EXTRACTED INFORMATION below:

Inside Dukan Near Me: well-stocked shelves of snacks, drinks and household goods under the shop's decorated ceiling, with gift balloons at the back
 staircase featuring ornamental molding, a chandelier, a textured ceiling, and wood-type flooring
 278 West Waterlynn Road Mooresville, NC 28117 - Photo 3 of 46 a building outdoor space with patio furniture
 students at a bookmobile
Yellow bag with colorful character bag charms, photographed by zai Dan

End of EXTRACTED INFORMATION.

*GOAL OF THE EXERCISE*.
Type out the records above again, exactly the same.

*RESPONSE BELOW*.
Inside Dukan Near Me: well-stocked shelves of snacks, drinks and household goods under the shop's decorated ceiling, with gift balloons at the back
 staircase featuring ornamental molding, a chandelier, a textured ceiling, and wood-type flooring
 278 West Waterlynn Road Mooresville, NC 28117 - Photo 3 of 46 a building outdoor space with patio furniture
 students at a bookmobile
Yellow bag with colorful character bag charms, photographed by zai Dan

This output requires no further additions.